Whatever you tackle in the garden becomes so absorbing that you soon forget all the stress and worries that weighed you down before you went into your plot.
It kindles new life and hope. A good friend of mine has a very high-powered job and he’s completely wrung out at the end of the day. So he slips out into the garden, soaks up its peaceful atmosphere, and starts tending his tomatoes, nipping out sideshoots and wielding the watering can. Stress and exhaustion fall away and he becomes a new man.
And you’ll be completely committed to the task in hand: you can’t even let your guard down when weeding or you’ll rip out one of your choice specimens.
When pruning a bush or tree to mould it to your preferred shape, you can’t let your mind wander or you’ll shear off the wrong stem or slash a finger with the secateurs.

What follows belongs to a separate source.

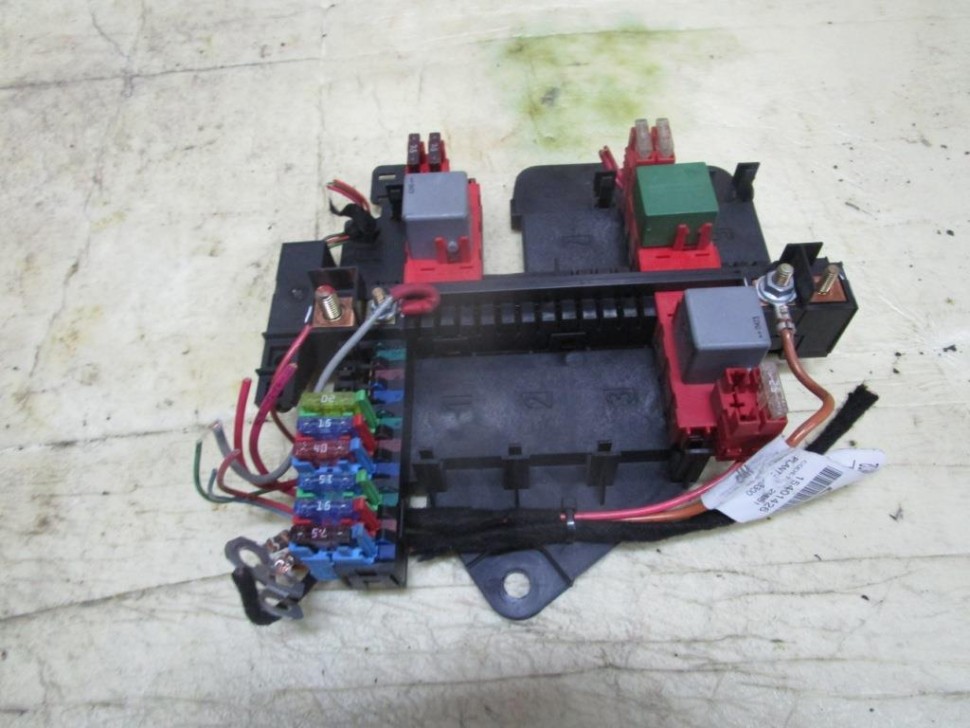 Блок предохранителей MERCEDES-BENZ M-класс W163 рестайлинг (2001 - 2005) фото 1 — Разборка Мерседес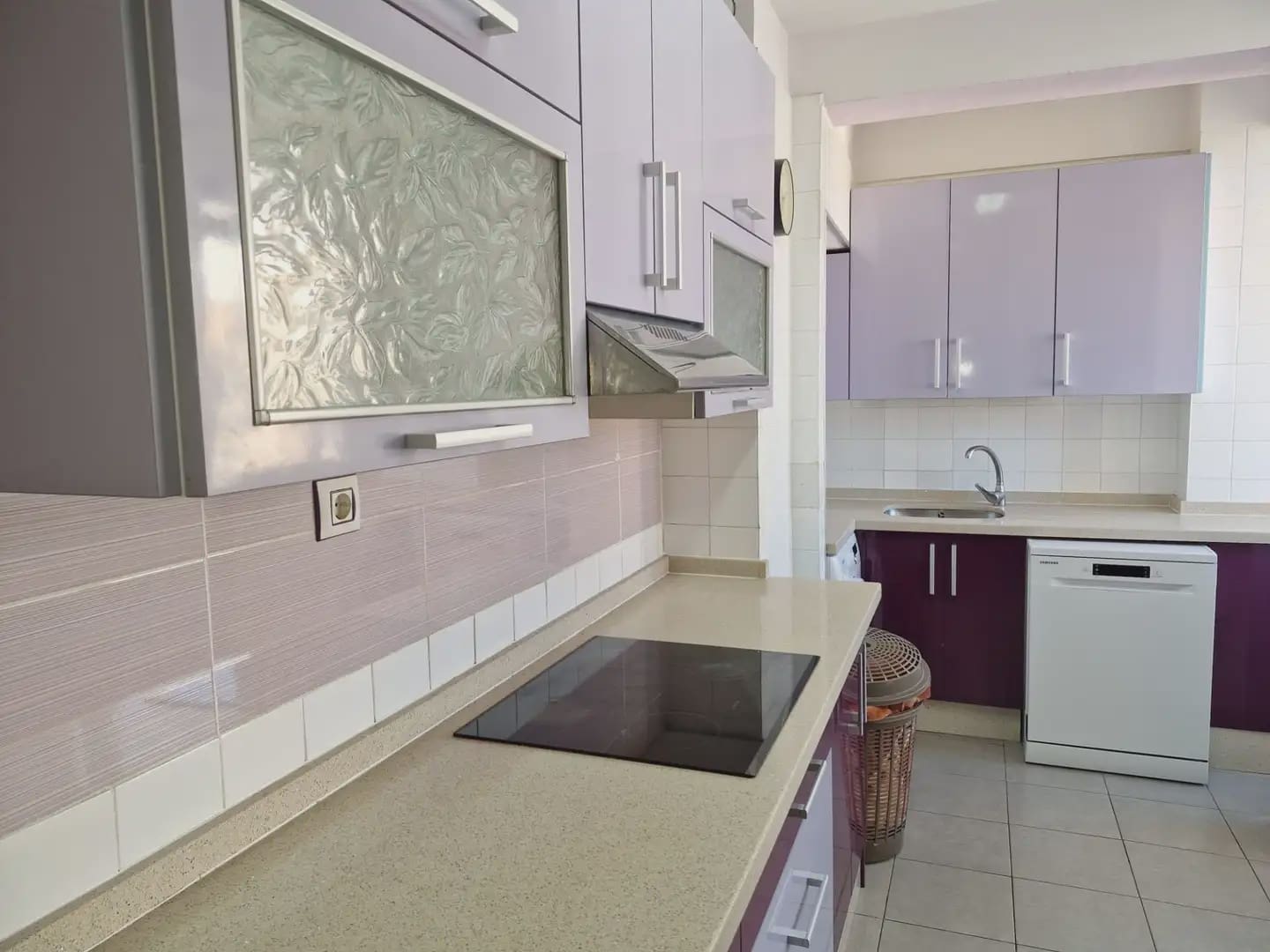 3 bedroom Flat for sale in La Linea de la Concepcion - € 220,000 (Ref: 9821520)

When finished, stand back and bask in a well-deserved glow of satisfaction.
As you’ll know, I could and do spend many happy hours pruning all my climbing roses and enjoy looking after my apples and gooseberries.
These are skilled jobs worth knowing how to tackle but there are lots of other skilled and unskilled tasks.
And one of the joys of gardening is learning new ideas and techniques.
Keeping plants in good shape entails understanding their needs and how they grow. Identifying why things do or don’t work is fun and you’ll start spending a lot of time trying to tease out the answers to so many gardening questions.
You can get so caught up in the garden, seeing and enjoying the beauty of plants growing and maturing throughout the year. You share your garden with such a diversity of creatures, from birds to beetles, and it’s fascinating to see how they interact and go about their business.
You can record what you see, just for yourself or as part of one of the many organised surveys of garden life.
Above all, the garden is a living vibrant place and a gardener is always hopeful and forward-looking.
Plant of the week
Crocus ancyrensis flowers in late winter/early spring, producing bright yellow blooms that are honey scented. The corms need to be planted in full sun in gritty, very well drained soil. Like many of the earliest flowering bulbs the native range of C. ancyrensis, the Ankara crocus, includes the mountains of Turkey, where it grows on slopes of poor soil. It will not tolerate soggy conditions.